Seine Nase fing an zu bluten, ein dünnes Rinnsal floss aus dem rechten Loch. Ich wies ihn darauf hin.
»Oh.«
Mehr entfuhr ihm nicht, nur eine gehauchte Rundung seines Mundes und das Mindeste an Laut. Ich reichte ihm ein Taschentuch, kurz berührten sich unsere Hände, seine Haut fühlte sich kalt und gespannt an.
Das Blut hörte schnell wieder auf zu fließen, er wischte es weg. Zwischen Nase und Oberlippe war die Haut nun leicht rötlich gefärbt, und mit den glasigen Augen sah er aus wie einer meiner tuntigen Freunde am Ende einer langen Pulverparty, mit verschmiertem Lippenstift, früher, als ich noch ausgegangen war, als ich noch Freunde hatte.

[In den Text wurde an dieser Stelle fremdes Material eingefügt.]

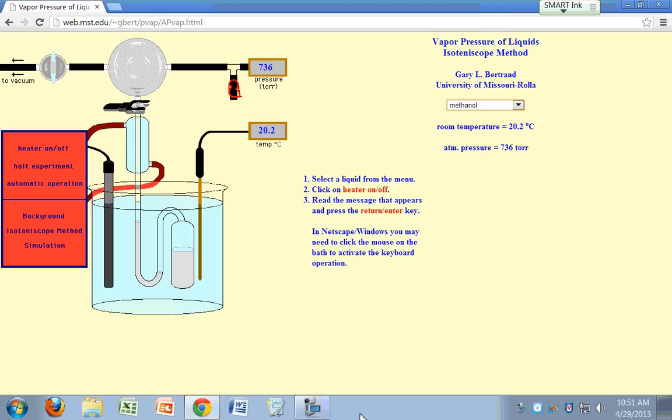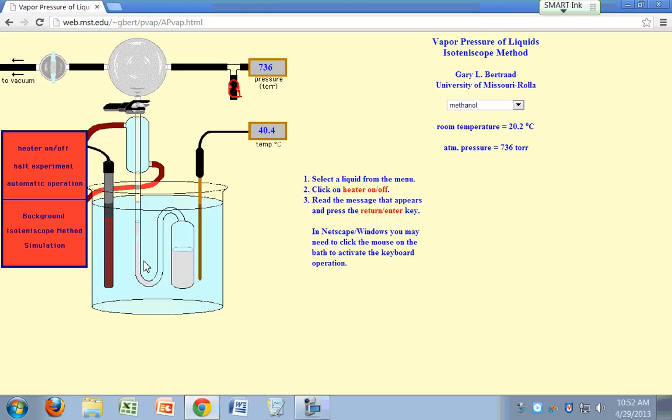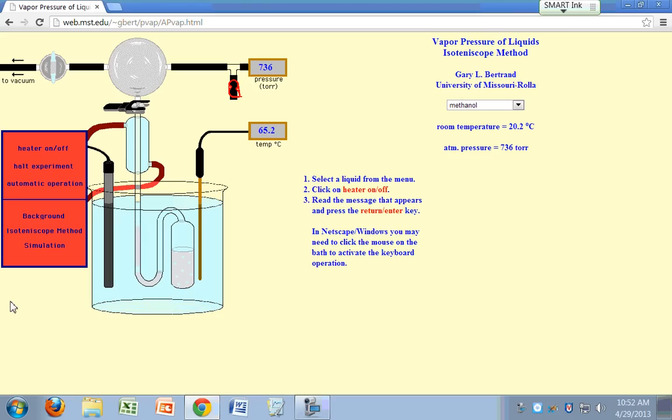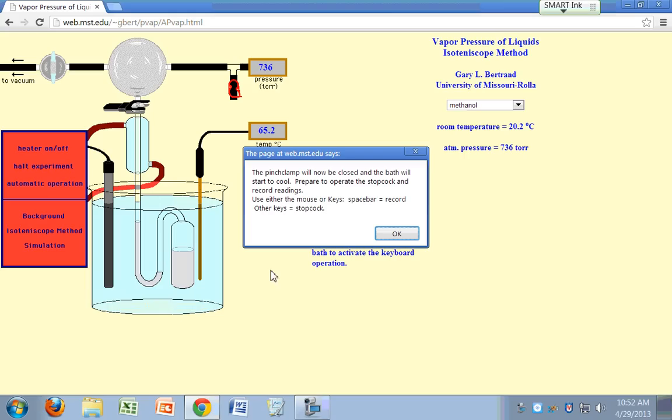What's the first thing you need to do? You need to pump out all the air from your liquid. So you heat it up, turn the heater on, and turn on the vacuum. Heater is on, and so your gas, your air is bubbling out, and some of your gas is being pumped.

Er griff in die Innentasche seines Mantels.
»Ich denke, Sie werden verstehen.«
Ich schwieg, saugte auf, taxierte ihn.
Dann legte er mir die Fotos vor, elf Bilder, und mein Herzschlag setzte aus. Da war Hedy auf diesen Bildern. Es war nicht Hedy, sie konnte es nicht sein, Hedy war tot, aber sie sah aus wie Hedy. Hedy.